# K-Means Clustering

K-means clustering is a type of algorithm used to group together similar data points. It is commonly used in data science and machine learning. The process works by dividing a dataset into K number of clusters, with each cluster containing data points that are similar to each other.

The algorithm works by first randomly selecting K initial points as the "centers" of the clusters. Then, each data point in the dataset is assigned to the closest center. The centers are then recalculated based on the average of all the data points assigned to each cluster. This process is repeated until the centers no longer move significantly or a maximum number of iterations is reached.

The resulting clusters are made up of data points that are similar to each other and different from those in other clusters.
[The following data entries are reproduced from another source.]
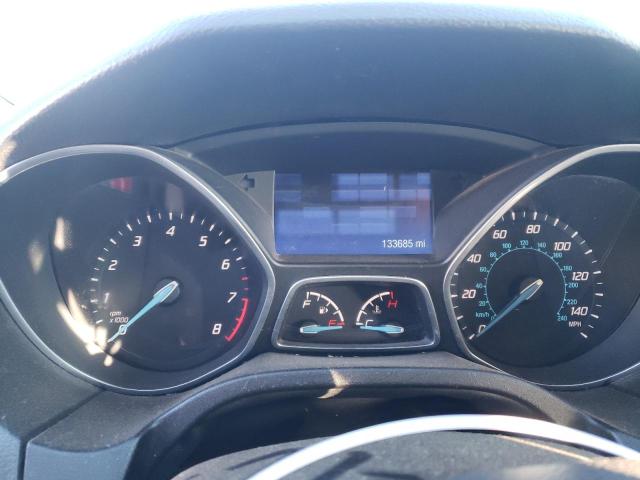 Photo 9 from auction – 2013 FORD FOCUS with VIN 1FADP3F2XDL307466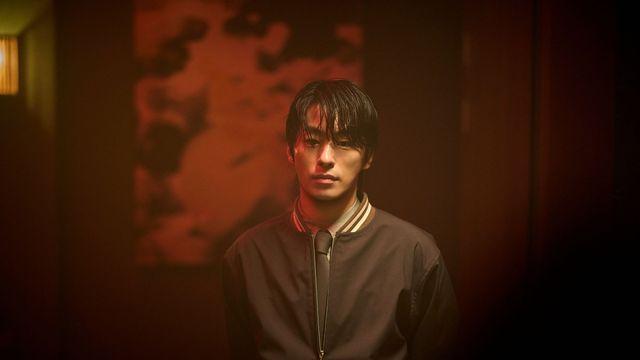 구교환, 감염사태 일으킨 생물학자 변신 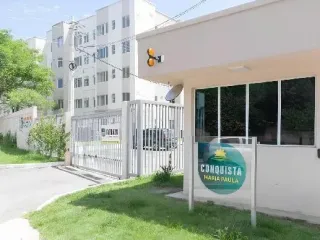 Imagem do imóvel AP97881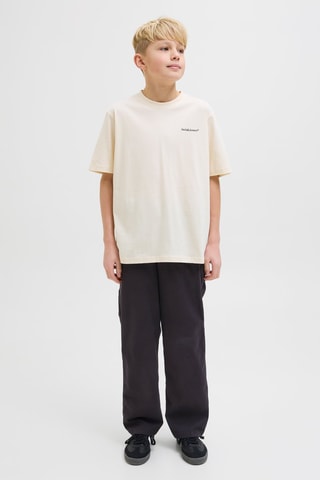 Calças - Preto - Jack & Jones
K-means clustering can be useful in many applications, such as grouping customers with similar preferences or clustering images with similar features.

## Numpy

In [None]:
import matplotlib.pyplot as plt
import numpy as np

np.random.seed(42)


def euclidean_distance(x1, x2):
    return np.sqrt(np.sum((x1 - x2) ** 2))


class KMeans:
    def __init__(self, K=5, max_iters=100, plot_steps=False):
        self.K = K
        self.max_iters = max_iters
        self.plot_steps = plot_steps

        # list of sample indices for each cluster
        self.clusters = [[] for _ in range(self.K)]
        # the centers (mean feature vector) for each cluster
        self.centroids = []

    def predict(self, X):
        self.X = X
        self.n_samples, self.n_features = X.shape

        # initialize
        random_sample_idxs = np.random.choice(self.n_samples, self.K, replace=False)
        self.centroids = [self.X[idx] for idx in random_sample_idxs]
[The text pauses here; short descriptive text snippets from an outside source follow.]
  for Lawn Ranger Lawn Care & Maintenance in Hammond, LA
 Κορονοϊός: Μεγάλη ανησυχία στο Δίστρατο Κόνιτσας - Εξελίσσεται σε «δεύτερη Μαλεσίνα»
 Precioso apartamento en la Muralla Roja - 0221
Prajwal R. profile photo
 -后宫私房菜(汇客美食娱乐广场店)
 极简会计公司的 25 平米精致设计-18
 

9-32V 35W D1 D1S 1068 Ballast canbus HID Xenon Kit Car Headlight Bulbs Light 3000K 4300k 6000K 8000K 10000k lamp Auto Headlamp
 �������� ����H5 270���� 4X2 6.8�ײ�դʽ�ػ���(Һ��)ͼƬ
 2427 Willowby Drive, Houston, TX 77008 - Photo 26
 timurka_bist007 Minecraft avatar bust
        # Optimize clusters
        for _ in range(self.max_iters):
            # Assign samples to closest centroids (create clusters)
            self.clusters = self._create_clusters(self.centroids)
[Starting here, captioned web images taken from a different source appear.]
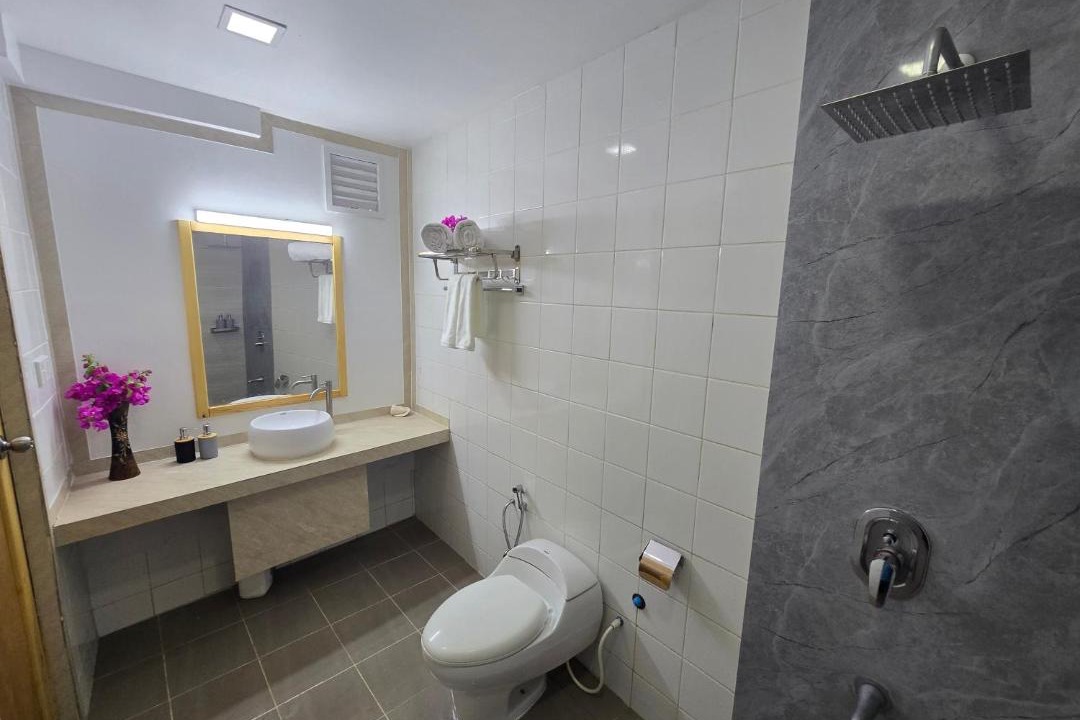 Photo of Bathroom in Dhiffushi
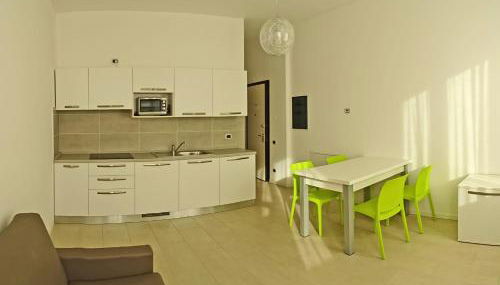 Campione Ora apartments by Gardadomusmea - Foto 3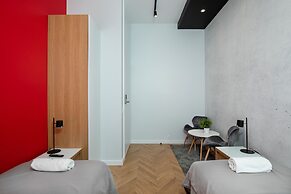 Rainbow Apartments 3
            if self.plot_steps:
                self.plot()

            # Calculate new centroids from the clusters
            centroids_old = self.centroids
            self.centroids = self._get_centroids(self.clusters)

            # check if clusters have changed
            if self._is_converged(centroids_old, self.centroids):
                break

            if self.plot_steps:
                self.plot()

        # Classify samples as the index of their clusters
        return self._get_cluster_labels(self.clusters)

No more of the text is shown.